Code is for Python 3.x

from binascii import hexlify
import unicodedata

def str_to_hex_str_with_space(char):
   hex_bytes = hexlify(char.encode())
   hex_str = hex_bytes.decode()
   hex_str = ' '.join(hex_str[n:n+2] for n in range(0, len(hex_str), 2))
   return hex_str.upper()


def get_table(code_points):
   for code in code_points:
       char = chr(code)
       name = unicodedata.name(char)
       unic = 'U+{:05X}'.format(code)
       encoded = str_to_hex_str_with_space(char)
       yield char, name, unic, encoded, char


def print_table(code_points):
   header = ['Char', 'Name', 'Unicode', 'UTF-8', 'Decoded']
   fmt_str = '{:<10s}{:<45s}{:<10s}{:<10s}'
   print(fmt_str.format(*header))
   for row in get_table(code_points):
       row = fmt_str.format(*row)
       print(row)


if __name__ == '__main__':
   code_points = (0x0041, 0x00F6, 0x0416, 0x20AC, 0x1D11E)
   print_table(code_points)
Output:
Output:
Char      Name                                         Unicode   UTF-8     A         LATIN CAPITAL LETTER A                       U+00041   41         ö         LATIN SMALL LETTER O WITH DIAERESIS          U+000F6   C3 B6     Ж         CYRILLIC CAPITAL LETTER ZHE                  U+00416   D0 96     €         EURO SIGN                                    U+020AC   E2 82 AC   ?         MUSICAL SYMBOL G CLEF                        U+1D11E   F0 9D 84 9E
Someone other should improve it.
Don't post this code. What I whish: a good replacement for  str_to_hex_str_with_space
And a bugfix for the last sign. It takes two spaces.
After it has been fixed, we should put get_table and print_table in one function.
It's also possible to use directly the unicode signs instead of codepoints.

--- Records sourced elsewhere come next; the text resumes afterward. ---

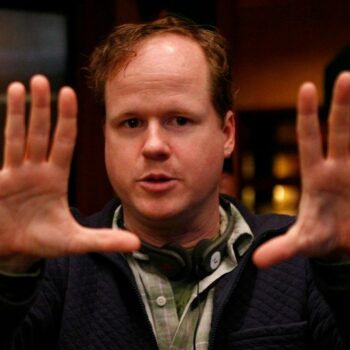 Joss Whedon le créateur incontournable de la série Buffy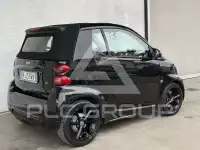 2011 Smart FORTWO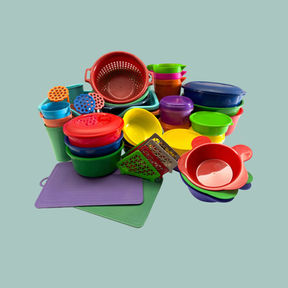 CATEGORÍA COCINA DE PRODUCTOS PLÁSTICOS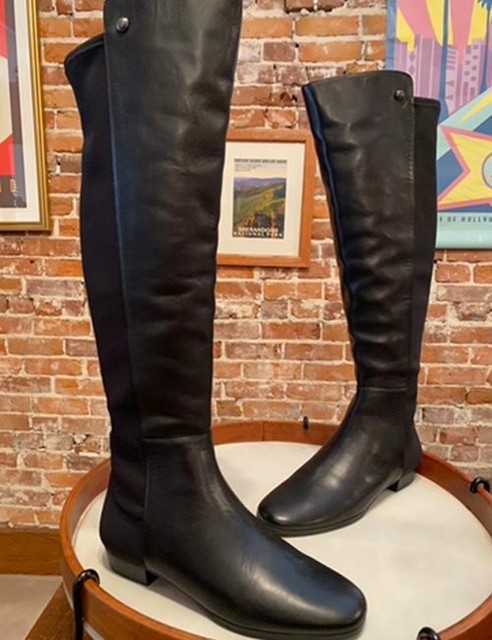 franco sarto ollie wide calf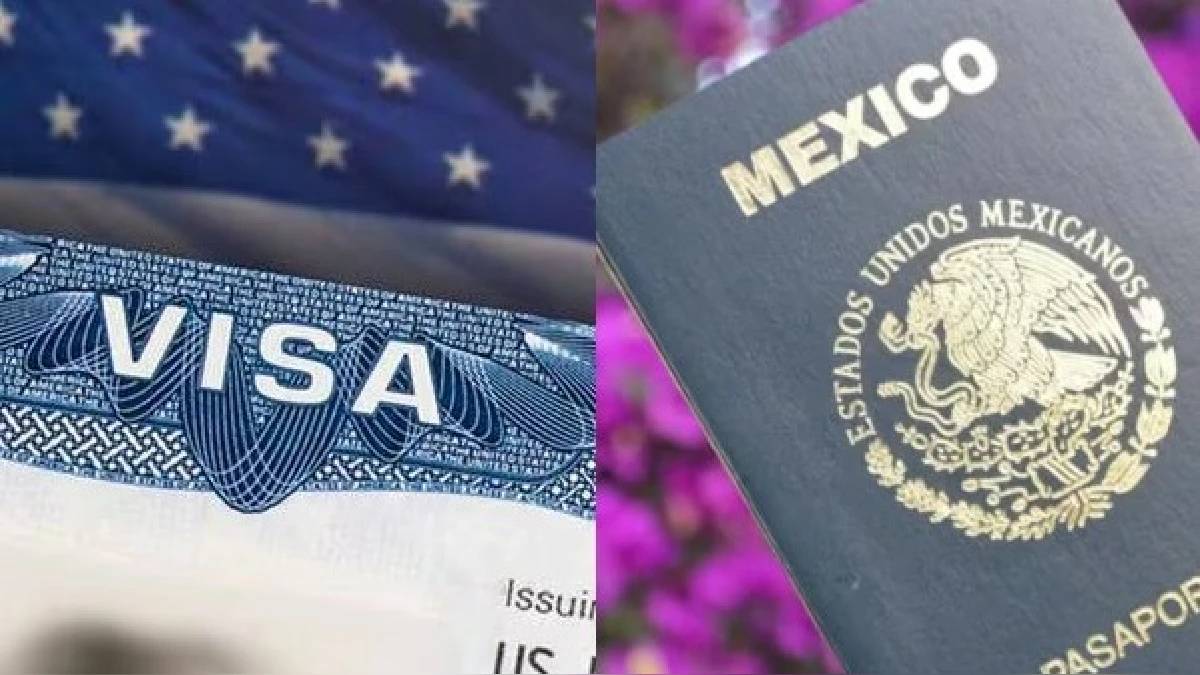EE.UU. quiere acortar visas para estudiantes y periodistas: ¿cuánto tiempo podrás quedarte?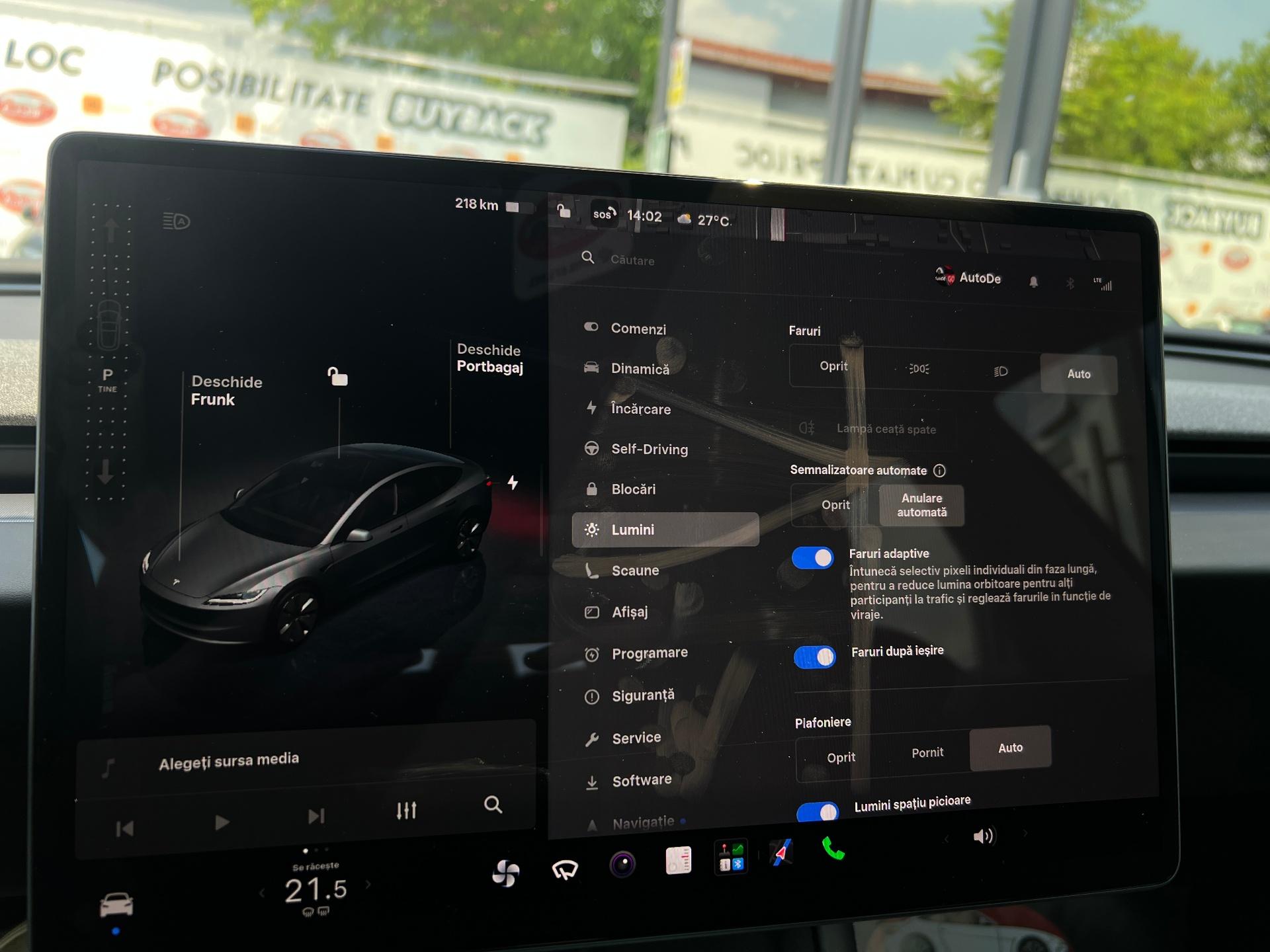 Tesla-Model 3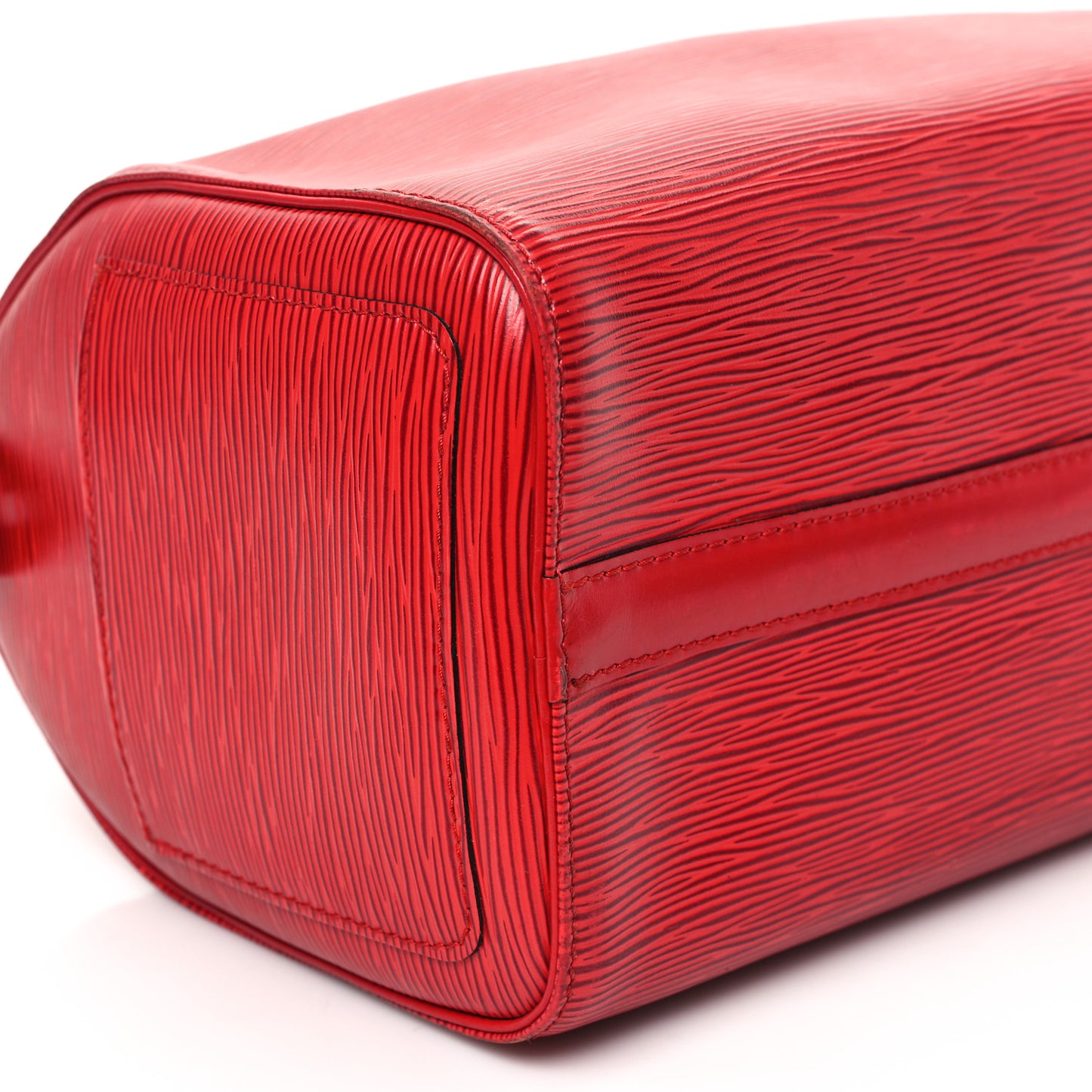 Epi Speedy 25 Castillan Red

Edit: I'm not able to post the last sign. The forum doesn't accept it :-(
Almost dead, but too lazy to die: https://sourceserver.info
All humans together. We don't need politicians!
Reply
#3
the site is comparing languages. i wonder if it is meant to compare implementations in the language or to compare programming that with the language. the latter would mean built-in/library solutions that come with the language can be used. that would mean a task to convert a string to lower case would be done with .lower() instead of looping through the characters of a string and map them from a lower case mapping.
Tradition is peer pressure from dead people

What do you call someone who speaks three languages? Trilingual. Two languages? Bilingual. One language? American.
Reply
#4
The example code on Rosetta Code shows us not the implementation, it shows the usage of a programming language and the library functions.
If you want to implement unicode by your self, good luck :-D
We don't need this in Python 3. It's native unicode.
Almost dead, but too lazy to die: https://sourceserver.info
All humans together. We don't need politicians!
Reply
#5
(Jun-26-2017, 03:50 AM)DeaD_EyE Wrote: If you want to implement unicode by your self, good luck :-D
BTDT in C.
(Jun-26-2017, 03:50 AM)DeaD_EyE Wrote: We don't need this in Python 3. It's native unicode.
right! and i think we should show that and how easily it is done.
what i don't know, or really need to know, but am curious about, is how much of this is available in Python 2.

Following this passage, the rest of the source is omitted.